A queste e a molte altre domande risponde Shirley Jackson nella raccolta ora proposta da Adelphi.
Famosa per essere una delle regine del mistery e del racconto gotico e dell’orrore, la Jackson in questa antologia ci rivela un lato meno noto della sua prosa, che riesce a essere anche argutamente umoristica, salace o aspramente critica nei confronti delle convenzioni e del perbenismo di cui si faceva scudo la piccola borghesia americana nelle cittadine di provincia come la North Bennington in cui ha vissuto sino alla morte.

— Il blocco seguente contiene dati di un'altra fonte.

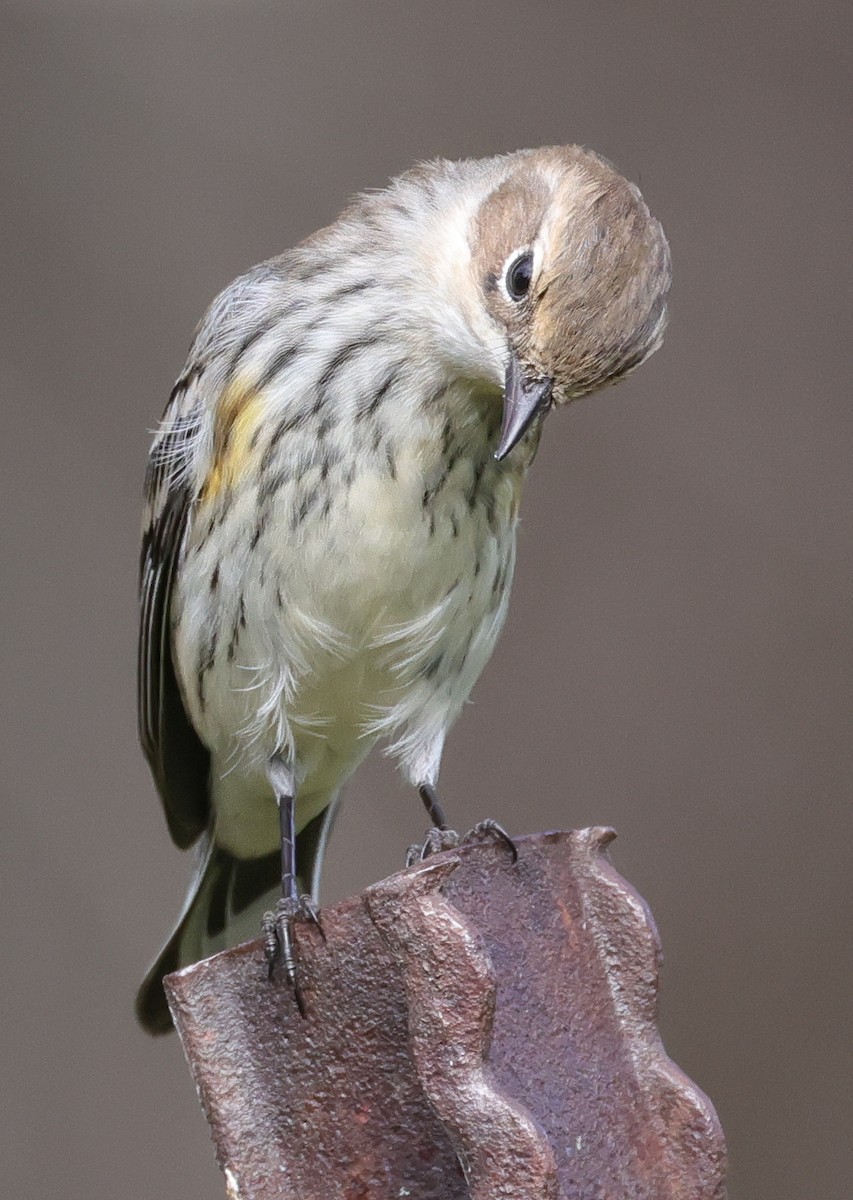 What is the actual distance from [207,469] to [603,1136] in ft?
3.50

Nella sua breve, ma immensa produzione letteraria la Jackson scrisse oltre duecento racconti di genere vario. Questa antologia è gran parte frutto di un casuale ritrovamento: 25 anni dopo la morte della scrittrice, fu inviata ai figli una voluminosa cassa che conteneva appunti, bozze e tanto materiale sconosciuto anche alla famiglia. Tra esso moltissimi racconti inediti. La raccolta contenente il meglio di quella fortunata scoperta, assieme ad altre storie che avevano ottenuto solo una limitata diffusione e, poi, non erano mai stati ristampate, uscì postuma nel 1996 e, adesso, viene proposta in italiano in questa edizione che contiene ventidue di quelle novelle e che accontenta tutti i gusti e tutti i palati.
Si comincia con le astuzie di un non vedente che riesce a “truffare” un negoziante sin troppo benevolo, per passare a storie che narrano con arguzia il nostro quotidiano, per giungere a piccole favole moderne dove strane magie alleviano il penoso incedere della vita. Chiude la raccolta un divertente aneddoto personale che ci fa capire come la parola “fama” acquisti un diverso significato a seconda di chi la pronunci.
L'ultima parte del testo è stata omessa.